If split_type of split is "OneHotFeature", it might not be listed in the features_info section, but it is still the part of global list of split_indexes.

For Example in sample_model.json

   oblivious_trees[1]['splits][0] = 
 {
    "split_index": 28, 
    "cat_feature_index": 5, 
    "value": -845129958, 
    "split_type": 'OneHotFeature'
 }

so some of the split indexes needs to be derived from here. These indexes start just after OneHot feature values and before ctrs.

I will compute the above tree example along with few more trees for the one row below

day hour month app_cat user_occ age gender statecode
fri 22 oct games student 47 male 103

For root node (split_index = 86), find the split index using section 4.1

   split_index(86) = 
 { 
    "prior_numerator": 0, 
    "shift": 0, 
    "ctr_type": 'Counter', 
    "scale": 15, 
    "elements": 
    [ 
    	{ 
            "cat_feature_index": 0, 
            "combination_element": 'cat_feature_value'
        }, 
        {
            "cat_feature_index": 2, 
            "combination_element": 'cat_feature_value'
        }
    ], 
    "identifier": '{"identifier":[{"cat_feature_index":0,"combination_element":"cat_feature_value"},{"cat_feature_index":2,"combination_element":"cat_feature_value"}],"type":"Counter"}', 
    "prior_denomerator": 1, 
    "border" = 4.999999046 
 }

Compute the hash to be used for ctr_data using section 3 and Section 4.1.4

   cat_feature_index(0) = "day"
 input["day"] = "fri"
 CityHash("fri") = 2386474191
 MAGIC_MULT * ( 0 + MAGIC_MULT * 2386474191 ) = 10849034401243659895
 cat_feature_index(2) = "month"
 input["month"] = "oct"
 CityHash("oct") = 964427042
 MAGIC_MULT * ( 10849034401243659895 + MAGIC_MULT * 964427042 ) = 7913951620039613893

So final hash to be used is "7913951620039613893"

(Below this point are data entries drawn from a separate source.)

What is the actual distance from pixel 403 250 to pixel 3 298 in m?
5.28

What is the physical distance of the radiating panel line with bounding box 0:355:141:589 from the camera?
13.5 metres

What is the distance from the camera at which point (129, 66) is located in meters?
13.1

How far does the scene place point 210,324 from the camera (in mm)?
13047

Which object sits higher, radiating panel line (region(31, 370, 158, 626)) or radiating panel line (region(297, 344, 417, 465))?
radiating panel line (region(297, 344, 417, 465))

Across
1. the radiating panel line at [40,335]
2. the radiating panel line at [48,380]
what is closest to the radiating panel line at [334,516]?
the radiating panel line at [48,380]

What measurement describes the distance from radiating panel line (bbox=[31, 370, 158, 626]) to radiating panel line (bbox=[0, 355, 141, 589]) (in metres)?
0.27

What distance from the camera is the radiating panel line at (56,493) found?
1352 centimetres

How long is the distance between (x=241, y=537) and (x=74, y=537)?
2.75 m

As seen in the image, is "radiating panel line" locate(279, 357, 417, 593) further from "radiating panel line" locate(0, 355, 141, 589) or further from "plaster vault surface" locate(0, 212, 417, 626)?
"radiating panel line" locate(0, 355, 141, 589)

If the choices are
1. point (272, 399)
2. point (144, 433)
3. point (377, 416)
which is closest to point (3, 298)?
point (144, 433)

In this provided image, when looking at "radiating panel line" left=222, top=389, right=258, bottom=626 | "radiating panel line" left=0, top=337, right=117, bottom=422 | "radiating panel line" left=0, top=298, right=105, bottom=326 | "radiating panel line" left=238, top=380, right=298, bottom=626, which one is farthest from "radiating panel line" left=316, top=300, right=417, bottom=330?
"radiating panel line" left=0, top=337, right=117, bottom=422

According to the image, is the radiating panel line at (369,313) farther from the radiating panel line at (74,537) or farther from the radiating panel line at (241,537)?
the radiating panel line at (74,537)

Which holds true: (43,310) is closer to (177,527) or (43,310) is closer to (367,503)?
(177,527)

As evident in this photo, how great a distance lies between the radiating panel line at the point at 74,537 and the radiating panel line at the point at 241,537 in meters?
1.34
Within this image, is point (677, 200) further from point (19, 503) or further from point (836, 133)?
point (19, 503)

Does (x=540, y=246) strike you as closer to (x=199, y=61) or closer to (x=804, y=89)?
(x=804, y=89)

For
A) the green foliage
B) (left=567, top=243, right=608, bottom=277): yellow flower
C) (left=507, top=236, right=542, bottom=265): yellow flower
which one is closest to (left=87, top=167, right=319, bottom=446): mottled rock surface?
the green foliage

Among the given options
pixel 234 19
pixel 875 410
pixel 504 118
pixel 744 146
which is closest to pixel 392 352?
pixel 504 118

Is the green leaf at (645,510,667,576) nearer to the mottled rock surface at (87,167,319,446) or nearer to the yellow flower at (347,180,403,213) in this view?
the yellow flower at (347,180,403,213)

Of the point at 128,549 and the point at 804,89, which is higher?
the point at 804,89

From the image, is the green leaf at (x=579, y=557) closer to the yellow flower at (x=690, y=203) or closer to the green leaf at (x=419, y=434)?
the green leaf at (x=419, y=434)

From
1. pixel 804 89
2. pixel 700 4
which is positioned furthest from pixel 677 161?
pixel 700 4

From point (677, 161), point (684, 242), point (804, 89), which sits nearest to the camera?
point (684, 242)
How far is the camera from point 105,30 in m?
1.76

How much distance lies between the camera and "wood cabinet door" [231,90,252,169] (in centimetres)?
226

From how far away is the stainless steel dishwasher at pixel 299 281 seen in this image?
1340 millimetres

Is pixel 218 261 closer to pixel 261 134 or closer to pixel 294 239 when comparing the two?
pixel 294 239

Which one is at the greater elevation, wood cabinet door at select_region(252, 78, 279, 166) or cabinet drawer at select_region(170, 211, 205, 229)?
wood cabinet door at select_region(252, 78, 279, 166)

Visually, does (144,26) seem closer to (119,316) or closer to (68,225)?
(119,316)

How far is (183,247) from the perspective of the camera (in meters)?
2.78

using section 4.2 find values to be used to compute CTR at the node

   ctr_hash['{"identifier":[{"cat_feature_index":0,"combination_element":"cat_feature_value"},{"cat_feature_index":2,"combination_element":"cat_feature_value"}],"type":"Counter"}']['hash_map'][7913951620039613893] = 
 { 
    "count" = 12, 
    "counter_denominator" = 23
 }

using section 2.1 to compute the node and compare it with border to find the next node.

   15 * ((0 + 12)/(1 + 23)) = 7.5
 7.5 >= 4.999999046 is True so traverse to Right Node. 

using section 4.1

   split_index(189) = 
 {
    "prior_numerator": 0.5, 
    "shift": 0, 
    "scale": 15, 
    "elements": 
    [
    	{
            "cat_feature_index": 2, 
            "combination_element": "cat_feature_value" 
        }
    ], 
    "identifier": '{"identifier":[{"cat_feature_index":2,"combination_element":"cat_feature_value"}],"type":"Borders"}', 
    "prior_denomerator": 1, 
    "ctr_type" : "Border", 
    "border" = 3.999999046
 }

using section 3 & section 4.1.4

   cat_feature_index(2) = "month"
 input["month"] = "oct"
 CityHash("oct") = 964427042
 MAGIC_MULT * ( 0 + MAGIC_MULT * 964427042 ) = 14429572201882049490

using section 4.2

   ctr_data['{"identifier":[{"cat_feature_index":2,"combination_element":"cat_feature_value"}],"type":"Borders"}']['hash_map'][14429572201882049490] =
 {
    "successes": 51,
    "failures" : 43
 }

using section 2.2

   0 + 15 * ((0.5 + 51)/(0.5 + 51 + 1 + 43)) = 8.089005235602095 
 8.089005235602095 >= 3.999999046 is True so traverse to Right node 

Reached terminal node so value of the tree is value of terminal node.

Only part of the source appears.